By Thomas S. Higgins, MD, MSPH
Dad. Husband. Physician. Sinus Nerd.
Looking into the patient's nose, I say to my assistant, “Please document there's a right-sided severe nasal septal deviation” to which the patient exclaims, “Is that normal?”
Well, let's talk about a deviated septum. The nasal septum divides the nose in the midline. It is made of portions of cartilage and bone that help direct the airflow through the nose. A part of the septum also has olfactory fibers on it to help with the sense of smell.

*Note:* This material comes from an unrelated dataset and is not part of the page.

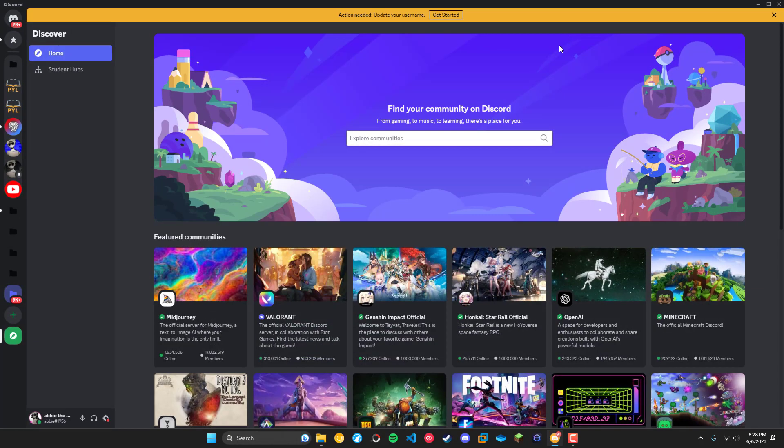So that's basically what it will look like. That's how you change your username. If you have any questions feel free to leave them down below in the comments. Peace.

It's been shown that up to 80% of people have a deviated nasal septum. So this begs the question: since most people have a deviated septum, is it actually normal to have a deviated septum? It kind of is, in general, but there are a few factors that should be taken into account. One is the severity of the deviation. A mild deviated septum may not cause any problems, but a severe deviated septum can greatly impact the nasal airflow. So to answer whether or not it's normal depends on if it's causing any problems.
"Up to 80% of people have a deviated septum..."
The most common problem from a deviated septum is blockage of the nasal breathing. A deviated septum can also contribute to recurring nosebleeds because the air you breathe dries up the lining, causing tiny blood vessels to burst. Other symptoms include crusting from dryness and decrease in smell because of lack of the ability of air to reach the olfactory nerves.
So, nasal septal deviations are not necessarily abnormal; however, those causing symptoms may benefit from surgical correction. There's not really a medicine that can correct a deviated septum because it is an anatomic anomaly. Sometimes topical sprays can help with the symptoms of obstruction by decreasing the inflammation around the deviated septum. If you are having nasal congestion, ask your doctor about it. You likely have a deviated septum (well, because most people do); an expert can help determine if it’s contributing to your issues.